As we live as the children of the Father of lights, the giver God, he will keep on pouring out his gifts, and they will overwhelm us more and more.
"Do not be deceived, my beloved brothers. Every good gift and every perfect gift is from above, coming down from the Father of lights, with whom there is no variation or shadow due to change. Of his own will he brought us forth by the word of truth, that we should be a kind of firstfruits of his creatures." (James 1:16-18)
When the scriptures say "firstfruits" it means there are more gifts to follow. With every gift, God pushes our hands wider open to receive a still larger gift. The bother with us is that we often hold our hands open just enough for little gifts in fear that if the gifts get too big they may overwhelm us. The gifts may begin to take us over, and we may not be able to manage them.
This is a genuine danger, for that is the way of gifts. You know how uneasy you get if somebody gives you lots of gifts – and rather big ones too. This uneasiness is born of our habit of doing deals. Before God it is completely out of place. We can only have such an uneasiness before God if we are still thinking of doing a deal with him. That we nevertheless have such uneasiness is betrayed by our notions of not letting our religion go too far, not too much Word of God, not church every Sunday, or not devotions every day. Some parts of our lives we simply must keep under our own control. To the extent that we still negotiate terms with God, we are setting ourselves up for a fearful crash. The God that can be negotiated with does not exist. If that is the one with whom we think we do business, our end is darkness.
As we live as the children of the Father of lights, the giver God, he will keep on pouring out his gifts, and they will overwhelm us more and more. The Epistle of James is mostly about what God’s gifts do to us, how they work out in our lives. Nothing remote or beyond the bright blue sky about this. The gifts shape how you use your tongue, how you treat widows and orphans, the hungry, people with money, people you employ. James points out that if you think your religion is just a good deal you have done with God for yourself, you have had it.
But in James 1, we get the starting point: The giver God, from whom comes every good and every perfect gift, has made us his children with his word of truth.

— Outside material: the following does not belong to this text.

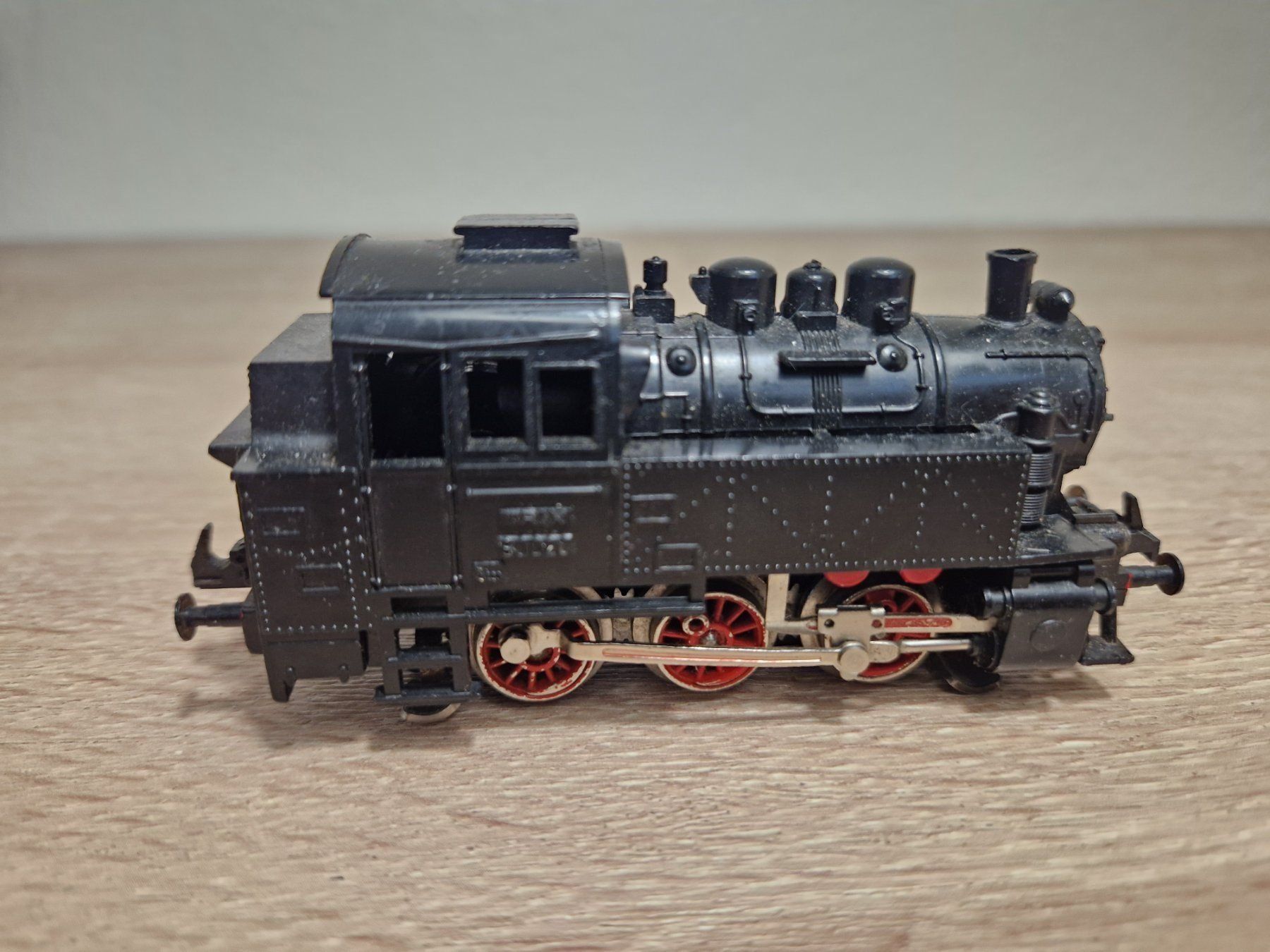 Trix Modellini di ferrovie: Trix Dampflok 80020 H0 (1) – Difettoso da St-Aubin-Sauges venduto da Lo_Go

As God pours the gifts, with each fresh gift, he gives us another nudge, “Come on, join in my game. Help me give my gifts away.” God’s children play the game their Father’s way. To everybody else, to the deal-doers, it looks crazy, but, in fact, it is the best fun in all the world.
With hands held wide to him for his gifts, we will be moved and shaped by those gifts forward from firstfruits to the final joyful harvest. When we shall “sing unto the Lord a new song; for He hath done marvelous things."